0
0
MongodbComparisonBeginner · 4 min read

When to Embed vs Reference in MongoDB: Key Differences and Usage

Use embedding in MongoDB when related data is frequently accessed together and the data size is small, ensuring faster reads. Use referencing when data is large, shared across documents, or updated independently to keep data normalized and avoid duplication.
⚖️

Quick Comparison

Here is a quick comparison of embedding vs referencing in MongoDB based on key factors.

FactorEmbeddingReferencing
Data SizeSmall, fits within document size limitCan be large or grow over time
Data AccessAccessed together frequentlyAccessed separately or less often
Data DuplicationDuplicates data if repeatedNo duplication, single source of truth
Update FrequencyUpdated togetherUpdated independently
Query PerformanceFaster reads, fewer queriesRequires joins/lookups, more queries
Data ConsistencyEasier to maintain consistencyRequires manual consistency management
⚖️

Key Differences

Embedding stores related data inside the same document. This is great when you want to retrieve all related information in one go, like a blog post with its comments. It reduces the number of queries and speeds up reads but can increase document size and cause duplication if the embedded data repeats.

Referencing stores related data in separate documents and links them using IDs. This keeps data normalized and avoids duplication, which is useful when the related data is large or shared across many documents, like users referenced by many posts. However, it requires extra queries or $lookup operations to join data, which can slow down reads.

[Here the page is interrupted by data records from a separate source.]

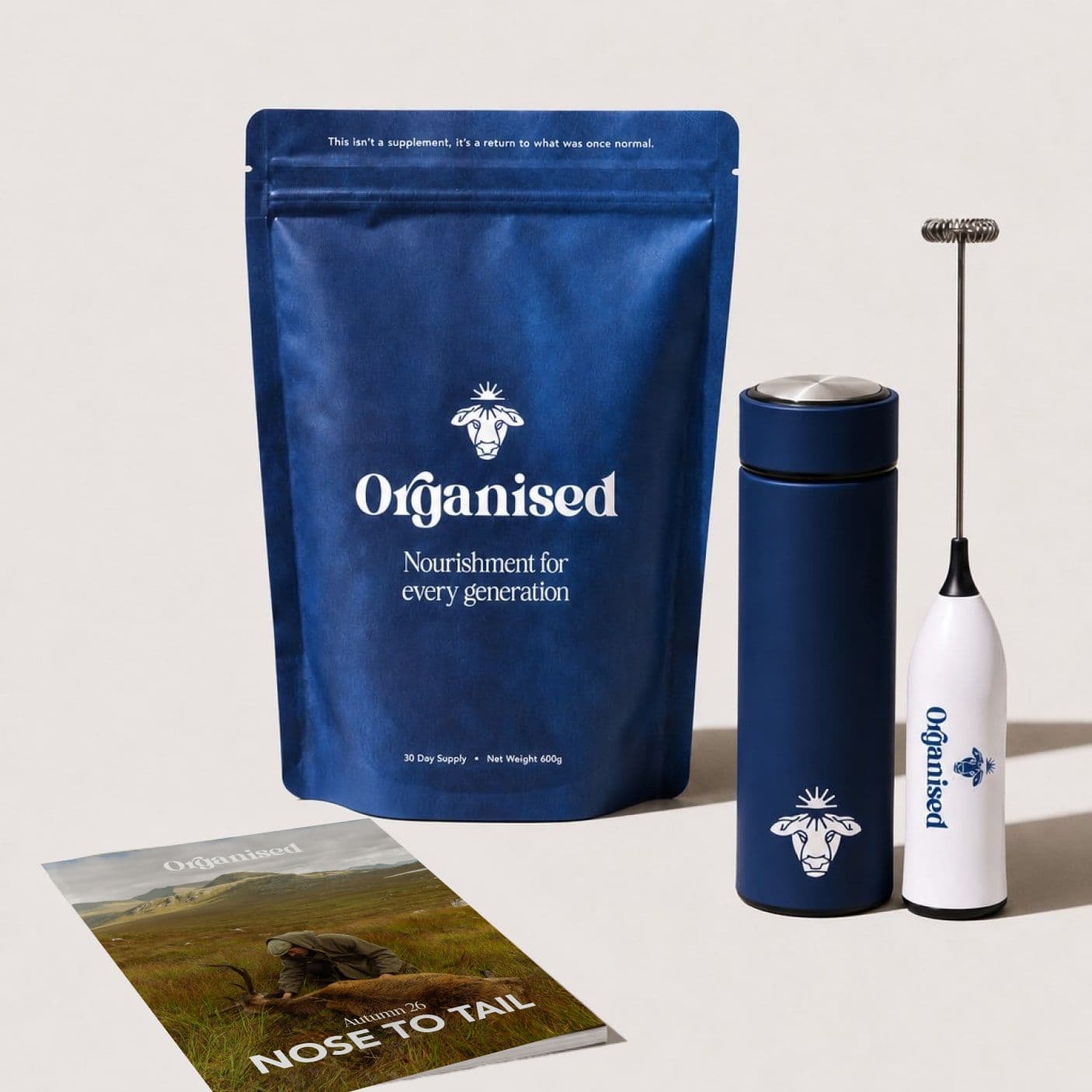 The Organised pouch with the steel bottle, electric whisk and seasonal zine
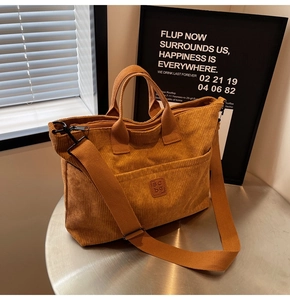 Detailed view of the corduroy tote bag showing metal table setting and side lighting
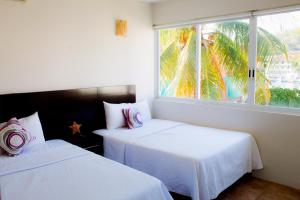 two beds in a room with a window at La Playa departamento suites in Santa Cruz Huatulco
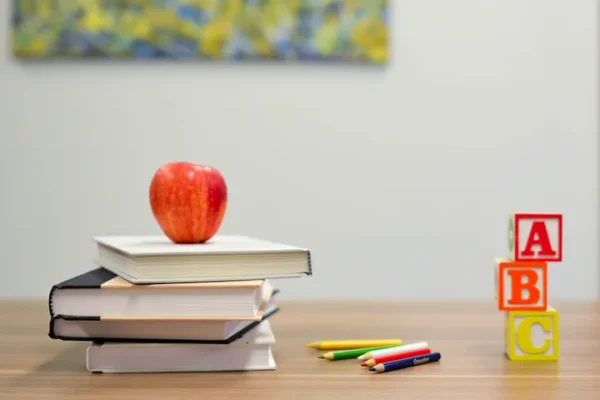 Stack of books with a red apple on top, colorful pencils, and ABC blocks on a wooden desk.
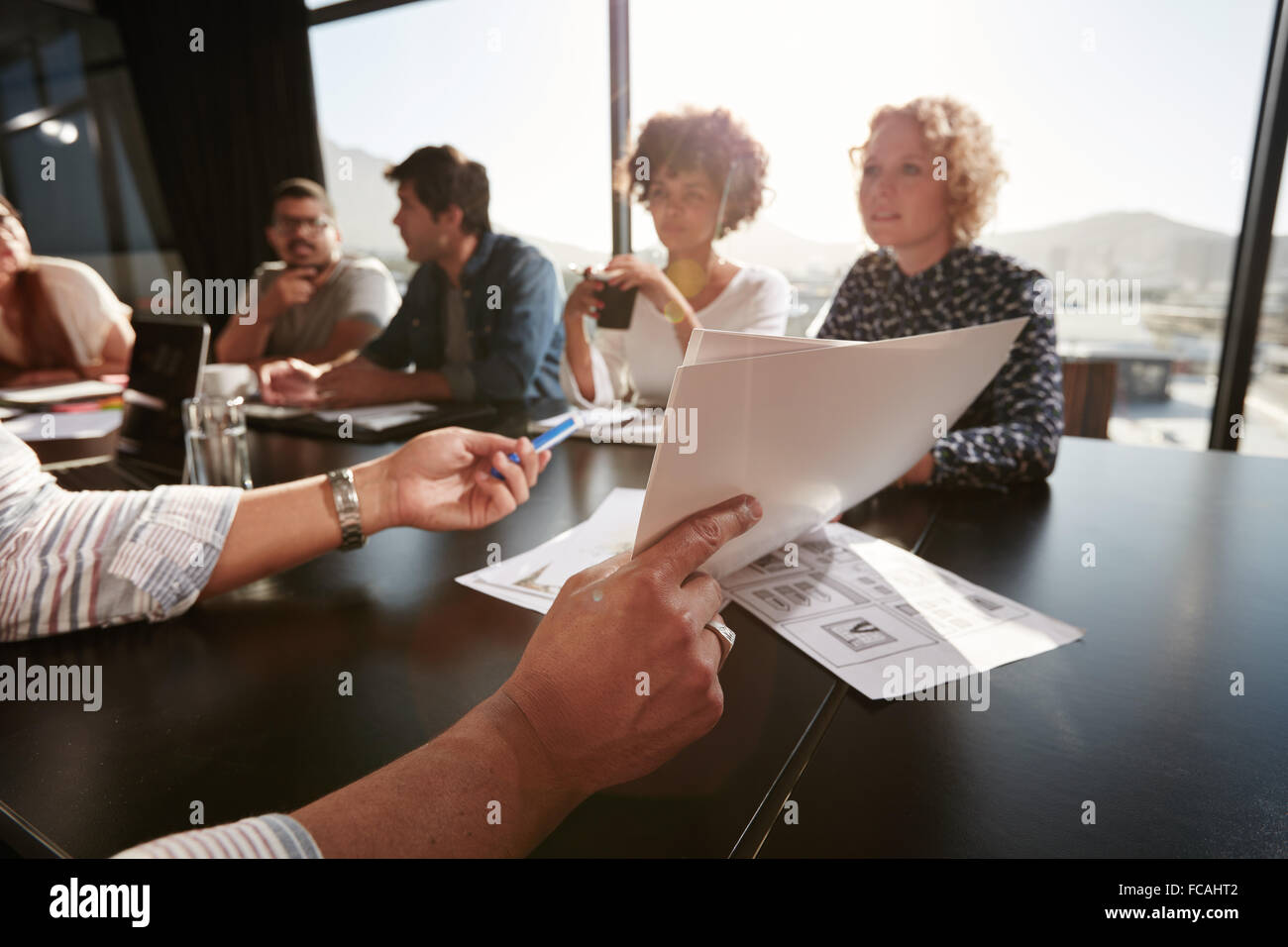 Carte nella mani del giovane uomo che spiega il business plan per il suo team creativo. I professionisti creativi riunione in ufficio. Foto Stock
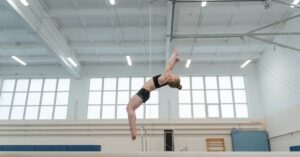 Gymnast performing on balance beam at summer camp indoors.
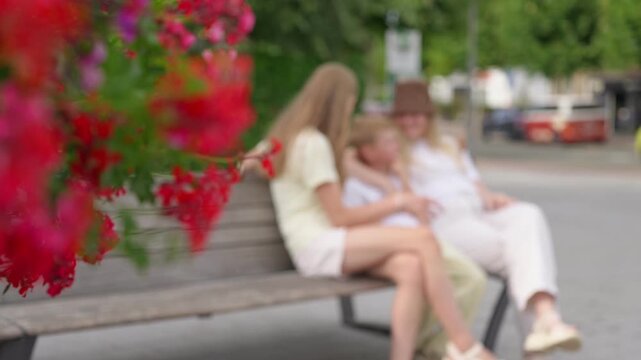 Woman and two children laughing together on a wooden bench with flowers in the foreground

Choosing between embedding and referencing depends on your application's data access patterns, update frequency, and size constraints. Embedding favors read speed and simplicity, while referencing favors data integrity and flexibility.

⚖️

Code Comparison

Example of embedding comments inside a blog post document.

mongodb
db.posts.insertOne({
  title: "My First Post",
  content: "Hello world!",
  comments: [
    { user: "Alice", message: "Great post!" },
    { user: "Bob", message: "Thanks for sharing." }
  ]
})

// Query to get post with comments
const post = db.posts.findOne({ title: "My First Post" })
printjson(post)
Output
{ "_id": ObjectId("..."), "title": "My First Post", "content": "Hello world!", "comments": [ { "user": "Alice", "message": "Great post!" }, { "user": "Bob", "message": "Thanks for sharing." } ] }
↔️

Referencing Equivalent

Example of referencing comments in a separate collection linked by post ID.

mongodb
db.posts.insertOne({
  _id: ObjectId("post1"),
  title: "My First Post",
  content: "Hello world!"
})

db.comments.insertMany([
  { postId: ObjectId("post1"), user: "Alice", message: "Great post!" },
  { postId: ObjectId("post1"), user: "Bob", message: "Thanks for sharing." }
])

// Query to get post
const post = db.posts.findOne({ _id: ObjectId("post1") })
// Query to get comments for the post
const comments = db.comments.find({ postId: ObjectId("post1") }).toArray()
printjson(post)
printjson(comments)
Output
{ "_id": ObjectId("post1"), "title": "My First Post", "content": "Hello world!" } [ { "postId": ObjectId("post1"), "user": "Alice", "message": "Great post!" }, { "postId": ObjectId("post1"), "user": "Bob", "message": "Thanks for sharing." } ]
🎯

When to Use Which

Choose embedding when related data is small, accessed together, and updated at the same time, like user profile details or product reviews inside a product document. Embedding improves read performance and simplifies queries.

Choose referencing when related data is large, shared among many documents, or updated independently, such as users referenced by many posts or orders referencing products. Referencing keeps data normalized and avoids duplication but requires additional queries.

Always consider your application's read/write patterns and data size limits before deciding.

Key Takeaways

Embed related data when it is small and accessed together for faster reads.
Reference data when it is large, shared, or updated independently to avoid duplication.
Embedding simplifies queries but can increase document size and duplication.
Referencing keeps data normalized but requires extra queries or lookups.
Choose based on your application's data access and update patterns.